13) Setiap hendak mengganti botol dicatat pertambahan cairan dan adanya gelembung
udara yang keluar dari bullow drainage.
14) Penggantian botol harus “tertutup” untuk mencegah udara masuk yaitu meng”klem”
slang pada dua tempat dengan kocher.
15) Setiap penggantian botol/slang harus memperhatikan sterilitas botol dan slang harus
tetap steril.
16) Penggantian harus juga memperhatikan keselamatan kerja diri-sendiri, dengan
memakai sarung tangan.
17) Cegah bahaya yang menggangu tekanan negatif dalam rongga dada, misal : slang
terlepas, botol terjatuh karena kesalahan.

Pelepasan WSD

Chest tube dipertimbangkan untuk dicabut setelah drainase cairan yang keluar kurang
dari 150 ml/24 jam. Pada kasus pneumotoraks, paru harus mengembang sempurna, tidak ada
udara yang terperangkap dalam 24 jam terakhir. Bila sudah diputuskan untuk mencabut chest
tube:
1. Tube dilepaskan dari penyedot (suction) dan diklem beberapa jam (ada yang 24 jam)
untuk memastikan pasien stabil sebelum dicabut.
2. Saat melepas chest tube posisi pasien lateral dekubitus dengan posisi tube di atas.
3. Kasa dan benang yang mengikat tube dilepas dan pasien diminta untuk tarik napas
dalam.
4. Pada saat pasien tahan napas atau saat keluar napas perlahan (dari inspirasi
maksimal), tube dicabut cepat dengan satu gerakan lembut.
5. Lubang bekas tube dijahit,
6. Selanjutnya dilakukan foto toraks untuk evaluasi apakah ada udara dalam rongga
pleura. Jika pasien stabil, pneumotoraks kecil biasanya kita pantau dengan observasi
ketat.

Komplikasi
Komplikasi yang dapat ditimbulkan melalui terapi WSD terdapat beberapa macam.

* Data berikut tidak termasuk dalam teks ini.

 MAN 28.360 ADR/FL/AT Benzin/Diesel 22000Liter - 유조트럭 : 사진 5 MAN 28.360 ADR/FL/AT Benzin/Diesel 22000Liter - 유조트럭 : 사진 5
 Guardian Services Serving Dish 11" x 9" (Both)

Ada yang berupa komplikasi insertional, mekanikal, sistemik dan lokal. Berikut ini
merupakan klasifikasi komplikasi-komplikasi dari terapi water seal drainage:
1. Tube malposition: Yakni peletakan sealang WSD yang tidak sesuai dengan tempat
seharusnya. Beberapa jenis tube malposition meliputi, intraparenchymal tube
placement, fissural tube placement, chest wall tube placement, mediastinal tube
placement dan abdominal placement.
2. Blocked drain: Adanya blokade pada selang WSD yang menyebabkan drainase
menjadi tidak lancar, dapat disebabkan oleh karena kekakuan, terbentuknya gumpalan
cairan, adanya puntiran, terdapat sisa debris atau ikut terbawanya jaringan paru yang
mengakibatkan selang WSD menjadi tersumbat
3. Chest drain dislodgement: Yakni terlepasnya selang WSD dari cavum pleura pasien,
dapat dihindari dengan prosedur yang baik dan harus segera diatasi dengan
memasangkan kembali selang WSD melalui prosedur yang asepsis.

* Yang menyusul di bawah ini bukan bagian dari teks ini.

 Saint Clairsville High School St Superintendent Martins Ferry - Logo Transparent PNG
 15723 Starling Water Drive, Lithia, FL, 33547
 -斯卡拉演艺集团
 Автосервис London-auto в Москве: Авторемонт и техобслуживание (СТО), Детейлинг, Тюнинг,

4. Edema pulmonum reekspansi (REPE): Terjadinya udema pulmonum setelah paru
yang tadinya kolaps mengembang. Patogenesis yang mendasarinya antara lain yakni
adanya peningkatan permeabilitas kapiler, adanya radikal bebas oksigen yang
menyebabkan kerusakan kapiler dan adanya penurunan produksi surfaktan. Tindakan
pencegahannya diduga dapat dilakukan dengan melakukan drainase tanpa suction, dan
melakukan drainase secara perlahan-lahan.

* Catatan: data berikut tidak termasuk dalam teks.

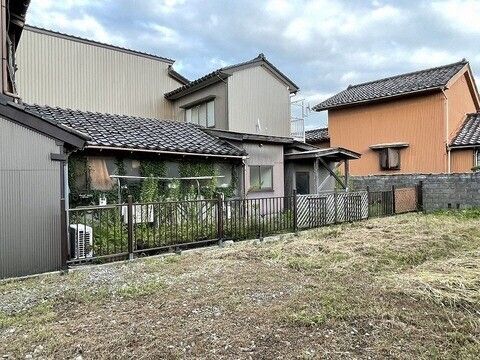 Vacant Land for Sale in Takaoka, Toyama - 214.19 sqm Plot - Thumbnail 3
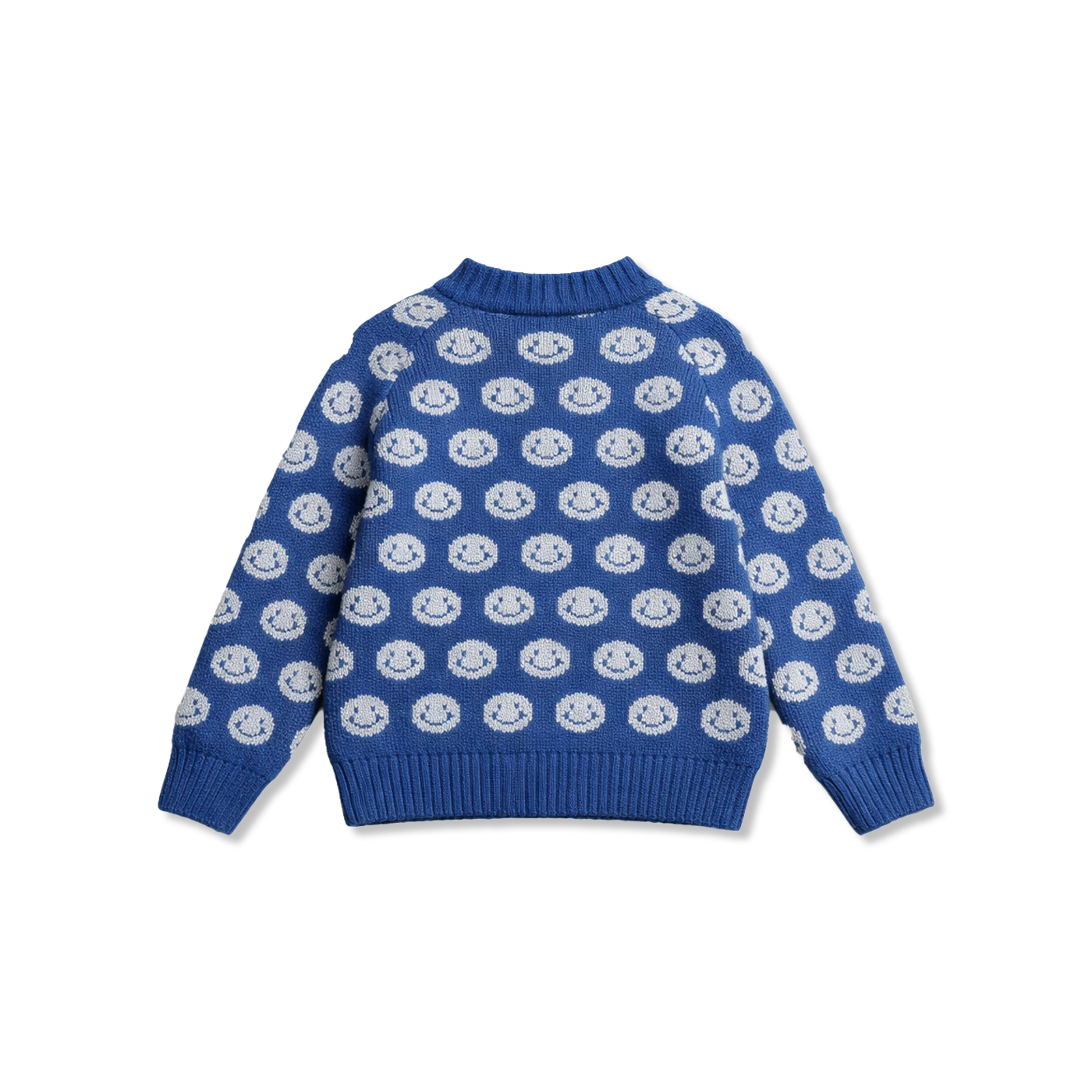Bon cashmere Striktrøje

5. Emfisema subkutis: Adalah terbentuknya akumulasi udara pada ruang subcutan pada
dinding dada. Pada pemeriksaan fisik dapat ditemukan krepitasi pada palpasi dinding
dada.
6. Cedera saraf: pada pemasangan WSD yang kurang berhati–hati dapat juga
menyebabkan cedera pada saraf di sekitar lokasi pemasangan WSD, cedera saraf yang
pernah terjadi akibat pemasangan WSD antara lain yakni, horner’s syndrome, phrenic
nerve injury, long thoracic nerve injury dan ulnar neuropathy.
7. Cedera kardiovaskular: Pada pemasangan WSD juga dapat menagkibatkan cedera
vascular yakni berupa perdarahan dan juga dapat memicu komplikasi ke arah cedera
jantung.
8. Residual/ post extubation pneumothoraks: Yakni terjadinya pneumothoraks akibat
tidak terdrainasenya udara secara optimal dan atau pneumothoraks yang terjadi karena
prosedur pelepasan WSD yang kurang baik.
9. Fistula: Yakni terbentuknya fistula yang dapat menghubungkan pleura dengan
subkutis atau bahkan fistula yang dapat menghubungkan bronkus beserta
cabangngnya dengan cavum pleura dan dengan subkutis.
10. Infeksi: Pada pemasangan WSD dapat terjadi infeksi yang bersifat lokal pada sekitar
lokasi terpasangnya selang WSD, dan yang lebih parah dapat juga terjadi infeksi di
dalam cavum pleura hingga mengakibatkan terbentuknya cairan pus pada cavum
pleura, dikenal juga dengan istilah empyema thoracis.